Note that for an orthonormal matrix, the inverse is equal to the transpose, so the inverse of the transpose is just the original matrix.

You can compute the inverse of an arbitrary matrix using Cramer's rule (https://en.wikipedia.org/wiki/Cramer's_rule). For a 3x3 matrix, this results in:

[ m11 m22 - m12 m21 m02 m21 - m01 m22 m01 m12 - m02 m11 ]

[ m12 m20 - m10 m22 m00 m22 - m02 m20 m02 m10 - m00 m12 ]

[ m10 m21 - m11 m20 m01 m20 - m00 m21 m00 m11 - m01 m10 ]

divided by the determinant of the original matrix, which is

m00 (m11 m22 - m12 m21)

+ m01 (m12 m20 - m10 m22)

+ m02 (m10 m21 - m11 m20)

Note that each row of the inverse is the cross product of two columns of the original matrix: row 0 is the cross product of columns 1 and 2, row 1 of columns 2 and 0, row 2 of columns 0 and 1.

The determinant is the triple product, i.e. the dot product of one column of the original matrix with the cross product of the other two columns (it doesn't matter which column you choose, so long as the cross product uses the correct order; using rows instead of columns also works).

Also: the inverse of the transpose is equal to the transpose of the inverse, so you can swap rows with columns if you wish.

Silence

09-12-2016, 01:08 PM

This is an unnecessary constraint. Any combination of rotations is always orthonormal.

Sure. I was meaning, if the OP plans to rotate axis vectors around the x axis, he will need to rotate both y and z axis with the same angle. And so on for rotating around the other axis. Otherwise the coordinate system is not orthogonal anymore.

Silence

09-12-2016, 01:16 PM

I would also suggest the OP to use an existing mathematics library.

glm (http://glm.g-truc.net/0.9.8/index.html) is very common nowadays and avoids a lot of harms.

I also could find this one (https://sourceforge.net/projects/ogl-math/) on google.

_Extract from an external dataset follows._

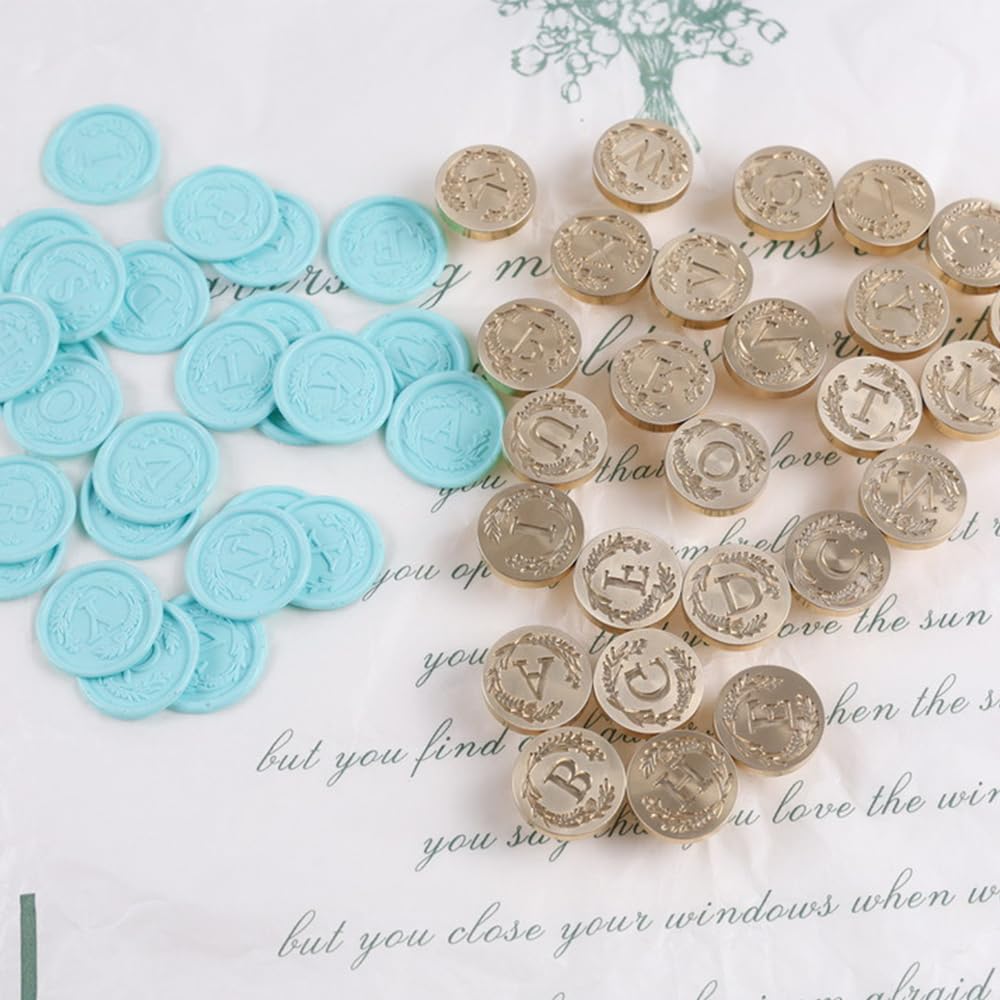 WUERLIN Elegant Initial L Wax Seal Kit,2pcs Exquisite Brass Stamp Heads with Eucalyptus & Flower Designs Ideal for Wedding Invitations Gift Wraps Envelopes and Christmas Cards (Alphabet L Kit)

Finally I would like to say that the term "normal matrix" could be troubling at first. But when thinking about it twice, why would one rotate the normals in a different way than the geometry. The main issue here, as said, is about the scaling (as long as the coordinate system have unit vectors all perpendicular to themselves), since the scaling use the diagonal components of the matrix, which are also used for the rotation part.

One simple thing to avoid this harm is simply not to perform any scaling at all, which, in general, is easy, since this is absolutely not common to scale thing up and down in live...

GClements

09-12-2016, 02:26 PM

Finally I would like to say that the term "normal matrix" could be troubling at first. But when thinking about it twice, why would one rotate the normals in a different way than the geometry. The main issue here, as said, is about the scaling (as long as the coordinate system have unit vectors all perpendicular to themselves), since the scaling use the diagonal components of the matrix, which are also used for the rotation part.

One simple thing to avoid this harm is simply not to perform any scaling at all, which, in general, is easy, since this is absolutely not common to scale thing up and down in live...

Well, sometimes you need objects at different scales, and applying a scale transformation may be preferable to creating an entirely new mesh which is identical to an existing mesh except for the scale factors.

Also, just to make it clear why scaling means that you can't just transform normals by the model-view matrix:

https://www.opengl.org/discussion_boards/attachment.php?attachmentid=2292&stc=1&d=1473711099

In the original, the red and blue lines are perpendicular. After scaling, they aren't.

Two column vectors X and Y are perpendicular if and only if XT.Y=0. If We're going to transform X by a matrix M, we need to transform Y by some matrix N so that (M.X)T.(N.Y)=0. Using the identity (A.B)T=BT.AT, this becomes (XT.MT).(N.Y)=0 => XT.(MT.N).Y=0. If MT.N is the identity matrix then this reduces to XT.Y=0. And MT.N is the identity matrix if and only if N=(MT)-1, i.e. N is the inverse of the transpose of M.

Silence

09-13-2016, 12:46 AM

To ensure that angles remain the same, homotheties could help :) In that case, the normals will remain well orientated, they will just have a non-unit size. But it is then easy to scale them accordingly.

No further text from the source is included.